‘Ia para as baladas, sim! Nunca escondi. Ou tive medo de ninguém. Isso me prejudicou na Seleção. Errei feio ao comemorar meus gols contra o Atlético.’ Guilherme
O grande ídolo do Atlético Mineiro, Guilherme dá um depoimento sincero, exclusivo sobre sua carreira. Ele foi injustiçado por não jogar a Copa de 2002. ‘O fora de campo me prejudicou’, admite. E conta como enfrentou a pressão por ter jogado no rival Cruzeiro e comemorado gols contra o Atlético na principal organizada cruzeirense

Guilherme.
Um dos maiores ídolos e artilheiro da história do Clube Atlético Mineiro. Atacante letal. Inteligente, corajoso, decisivo. Jogador que crescia nas decisões de título.
Fez Felipão balançar e quase levá-lo para a Copa de 2002, no lugar do seu amigo Luizão.
Merecia, foi injustiçado.
A fama de bad boy o atrapalhou. Mas foi nome obrigatório na inauguração da arena MRV.
“A torcida atleticana o ama, seu auge absoluto foi no Galo. Mas aquela magoazinha ficou.
“Sabe quando a esposa aceita o marido de volta, depois que ele sumiu uma noite? Mas o perdão veio e o tempo amenizou. Só que ela não esquece”, resume um dos principais jornalistas esportivos de Belo Horizonte, que também se sentiu ‘traído’ por Guilherme, quando o viu com a camisa azul, do rival.
“Eu sou transparente, sincero, honesto. Estava sem clube, o Atlético não me procurou. O Cruzeiro, sim. Pensei muito, mas precisava trabalhar e aceitei. Nunca tive medo do caos. O único erro foi comemorar os gols que fiz pelo Cruzeiro contra o Atlético, com a torcida organizada cruzeirense. Fui babaca!“
A carreira de Guilherme vai muito além da histórica rivalidade mineira. A vida dele é cinematográfica.
Era filho de feirante. Muitas vezes dormia embaixo da barraca do pai. Surgiu como grande revelação no Marília. Contratado pelo São Paulo, teve pela frente um mestre e um mentor. Telê Santana.

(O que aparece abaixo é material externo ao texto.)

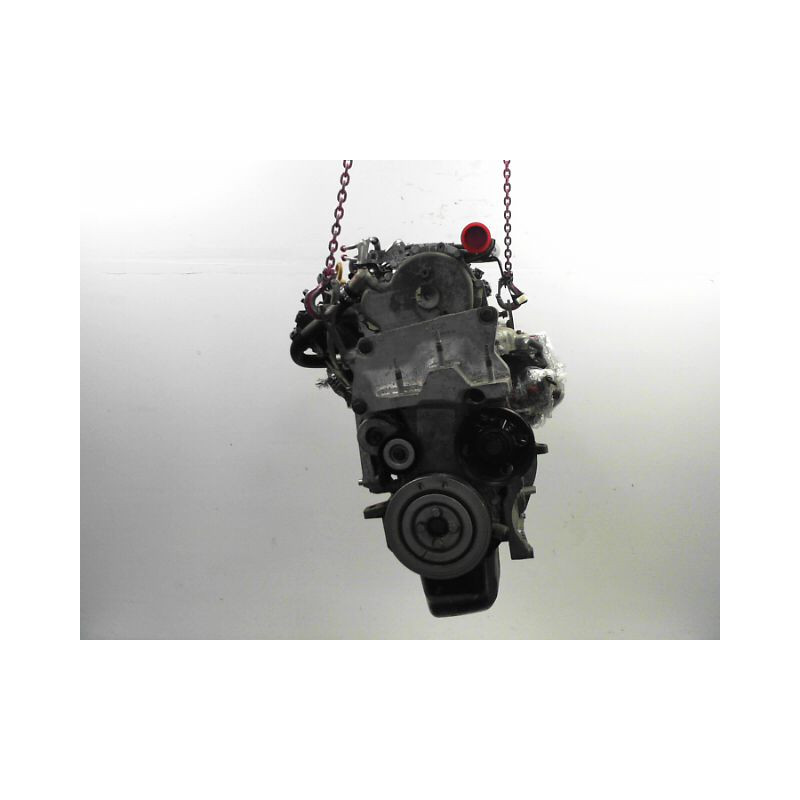 MOTEUR DIESEL SUZUKI SPLASH 2008-2012 1.3 CDTI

“Ele me desenvolveu como jogador. Foi fundamental para a minha carreira. Mas me pegou no pé. Morava no CT. E era jovem, queria aproveitar a vida, festejar. Com ele foi duro. Tomei bronca dele até na frente do meu pai.”
Telê o estava moldando para se tornar um grande artilheiro do São Paulo, da Seleção Brasileira. Estava no elenco campeão mundial de 1993. Mas o presidente Pimenta não resistiu a uma proposta do Rayo Vallecano. E Guilherme aceitou ganhar em dólar.
“Era a chance de jogar na Europa. Fui por empréstimo. Sofri. Tinha uma panela de jogadores que não me queria lá. Deixava minhas coisas em uma cadeira.
“Marquei meus gols e fui comprado. Aí exigi o salário que eu quis. Armário especial. A camisa nove. Me fiz respeitar.“
Guilherme morava sozinho na Espanha. Jogou muito bem. Mas viveu. “Ia para Ibiza nas folgas. Danceteria. Enfim, aproveitei. Mas sempre treinei forte e ninguém pode reclamar da falta de empenho.”
A empresa norte-americana ISL assumiu o futebol do Grêmio e comprou Guilherme a peso de ouro. “Foi maravilhosa a transação para mim. Só que me deixei levar pelas noitadas de Porto Alegre. Era festa e mais festa na minha casa de três andares.”
Mesmo assim, Guilherme foi muito bem. A ponto de o Vasco, grande rival e time que eliminou os gremistas da Libertadores, o contratar para a disputa do Mundial.
“Outra proposta financeira irrecusável. E uma grande frustração. Eu estava bem demais e entrei apenas no final da decisão contra o Real Madrid. Eu conhecia todo o time espanhol porque joguei no Rayo Vallecano.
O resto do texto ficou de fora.